**DATA LISTING**
--- START ---
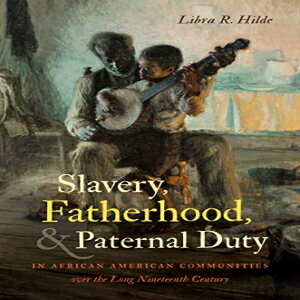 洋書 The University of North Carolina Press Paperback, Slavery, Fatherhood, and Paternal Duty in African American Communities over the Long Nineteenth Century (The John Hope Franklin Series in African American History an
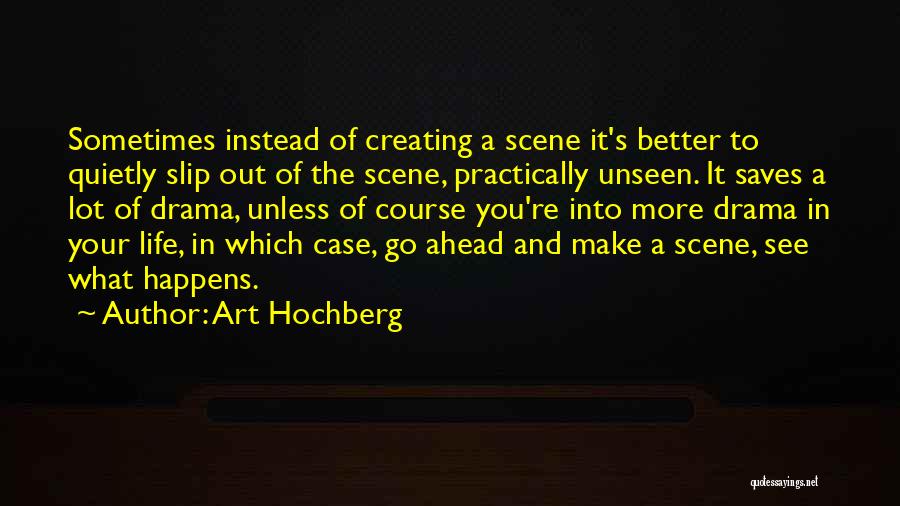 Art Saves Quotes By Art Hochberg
--- END ---
--- START ---
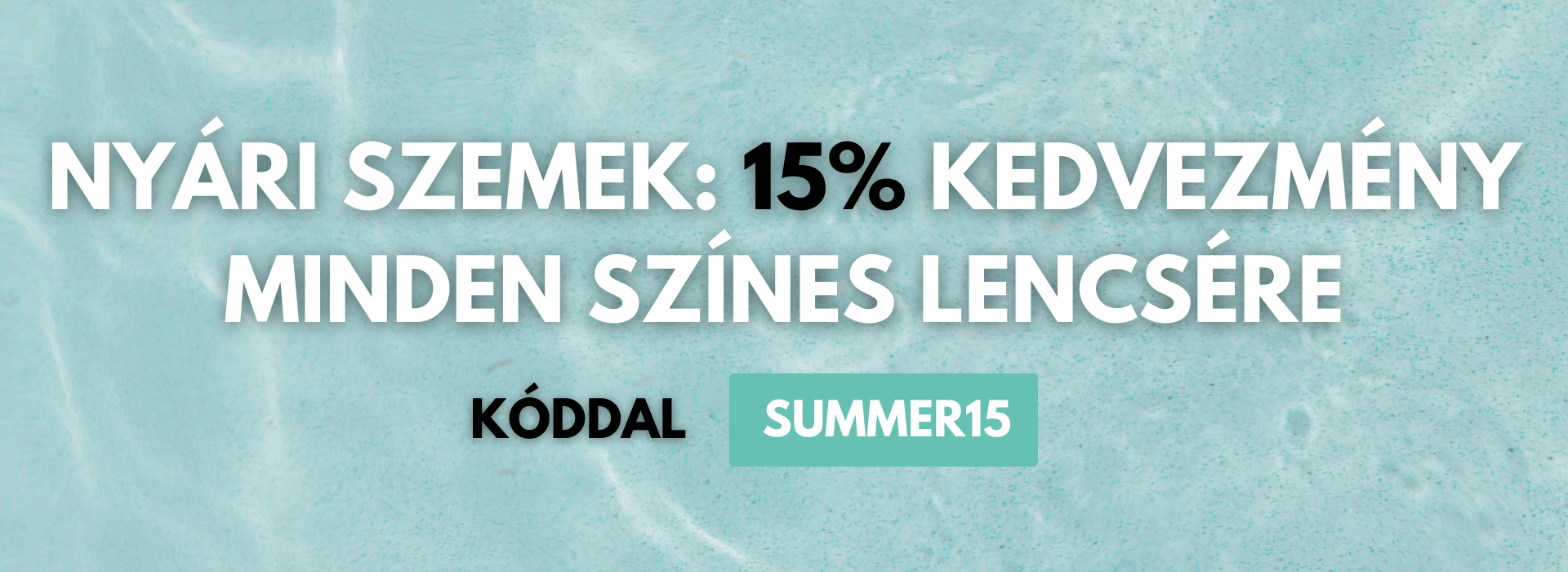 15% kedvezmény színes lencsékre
--- END ---
**WORK TO BE COMPLETED**
Copy the lines above exactly, starting at the one with "洋書 The University" and ending at the one with "Art Saves Quotes By Art Hochberg", both included. Leave out any pictures and add nothing else.

**EXERCISE ANSWER**
 洋書 The University of North Carolina Press Paperback, Slavery, Fatherhood, and Paternal Duty in African American Communities over the Long Nineteenth Century (The John Hope Franklin Series in African American History an
 Art Saves Quotes By Art Hochberg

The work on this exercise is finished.